# Your opinion on Gravely 40" or 50" mower decks for older walkbehinds



## Ed K (Oct 24, 2003)

I have a gravely from the 60's with a 30" single blade mower.

I was thinking of buying a 40" double blade or 50" triple blade mower for it if I can find one.

Anyone have one of these and if so are they as reliable and do they cut as well as the single blade 30" mower

Thanks

Ed


----------



## cutinpony (Mar 8, 2005)

I have a C-10 Gravely with a 40" dual blade mower on it that will cut anything that you can push over with it


----------



## rr (Dec 3, 2002)

A 50" deck would be too much for your tractor both in power requirement and difficulty maneuvering. A 40" three-blade deck would be a pain and would require expensive and hard to find framework to mount it (as would the 50"). If your tractor runs well, a good 40" Commercial deck (two blades) would do a nice job altho it might bog some in high grass or weeds.
Commercial 40" decks aren't hard to find. Try eBay or ask on http://groups.yahoo.com/group/classifiedgravelyads.
They generally go for between $200 (rough but working) and $500 (good enough to show).
Oops, I should say that I'm assuming you have a Gravely-engined tractor, not a C-10 or C-10A. Those have the power, are better-balanced and are a more appropriate height for a Commercial 40" and make a great combination, as cutinpony says. Excellent for both heavy stuff and finish mowing. 
rr.


----------



## Hurricane Kurt (Oct 2, 2004)

I have a 70's commercial 12-A with the 12hp Kohler engine. I have both a single blade deck and a two blade finish mowing deck and have tried a three blade deck. I use the single blade deck for heavy stuff because I don't want to damage the finish mower not because it won't handle it. The finish mowers do a much better job on lawns and short grass than the single blade decks but I think the single blade decks are easier to handle over the tough stuff. 

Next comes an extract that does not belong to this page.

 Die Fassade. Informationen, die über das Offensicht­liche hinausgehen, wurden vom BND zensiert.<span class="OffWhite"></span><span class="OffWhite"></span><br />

If you have the 7.6? horse Gravely engine it will probably labor a bit more with a finish deck but I think it would handle it as long you just used it to cut grass/lawn with. I wouldn't go bigger than the two blade deck though. 

For what its worth, I have used the older models many times and they sure do work ya hard. I would rather have commercial model with a Kohler engine and single blade deck than a gravely powered machine with a finish deck any day, no comparison. Especially if you use it in the garden, the difference is like night and day. I would upgrade your machine before upgrading your deck if it were me, it would be money well spent.

Kurt


----------



## Ed K (Oct 24, 2003)

rr said:


> Oops, I should say that I'm assuming you have a Gravely-engined tractor, not a C-10 or C-10A. Those have the power, are better-balanced and are a more appropriate height for a Commercial 40" and make a great combination, as cutinpony says. Excellent for both heavy stuff and finish mowing.
> rr.


I have a Gravely engined tractor. Is that the one you're sayi ng would be better for the 40" dual blade or the C-10?

Thanks


----------



## rr (Dec 3, 2002)

Ed K said:


> I have a Gravely engined tractor. Is that the one you're sayi ng would be better for the 40" dual blade or the C-10?
> 
> Thanks



The C-10 (actually Convertible 10) and 10A have Kohler k241s rated at 10 horsepower but often capable of a bit more. They and larger-engined tractors -- 12 horsepower and up -- will operate a 40" commercial deck very nicely. It's a finish deck but some of us use them in pretty heavy stuff.
The Gravely-engined tractors of 6.6 and 7.6 horsepower, altho balanced much better with a 30" DECK, are a little light in the rear with a 40" In addition, the smaller tires tend to make the 40" run a little high in the front, which you fix by raising the front casters, which can cause the rear of the skids to come into play too much. These things aren't major factors, just reasons why certain combinations work better than others.
Finally coming back from orbit to your question: The Gravely-engined tractors generally have enough power to run a 40" if you don't let the grass get too high or too wet. 
If your tractor is an L-8, C-8 or LI, you'll be better off than if it's an L or an LS.
You should probably try a 40" on your tractor. A strong tractor with a free-running deck would probably be very satisfactory, a weak tractor with a more power-needy deck might not.
Where are you? there are swap meets and the like through the season that you might be able to try a deck at. the Pennsylvania-West Virginia-Ohio area is best for those things but they happen elsewhere too.
One last thing: Altho I haven't tried it with mine, lots of guys say that a 30" with the crossed lightweight finish blades gives a very nice cut. You don't need the cradle with that setup, incidentally, just tighteh the blades to spec.
Good luck and feel free to ask anything about Gravelys -- i'll have some answers and know where to send you for the rest.
rr


----------



## rr (Dec 3, 2002)

Ed K said:


> I have a Gravely engined tractor. Is that the one you're sayi ng would be better for the 40" dual blade or the C-10?
> 
> Thanks


Then again, as Hurricane Kurt says, getting a Kohler-engined tractor might be a good idea. They made an awful lot of C-10As anc C-12s. Also Professional 12s. (avoid the C-10 unless you understand the difference and think it would fit your needs)So there are plenty available -- usually several on eBay and others wherever quality iron is sold.
You'd find each is definitely more pleasant to work with depending on the job.


----------



## Ed K (Oct 24, 2003)

rr,

Thanks for the input. I'm in western PA. my Gravely is an L-8. My 30" deck has the lighter weight criscrossed blades. I hit a buried piece of rotten wood with it this weekend and ended up with a twisted blade. Took it off and continued with one light blade but I plan to get one heavy one. 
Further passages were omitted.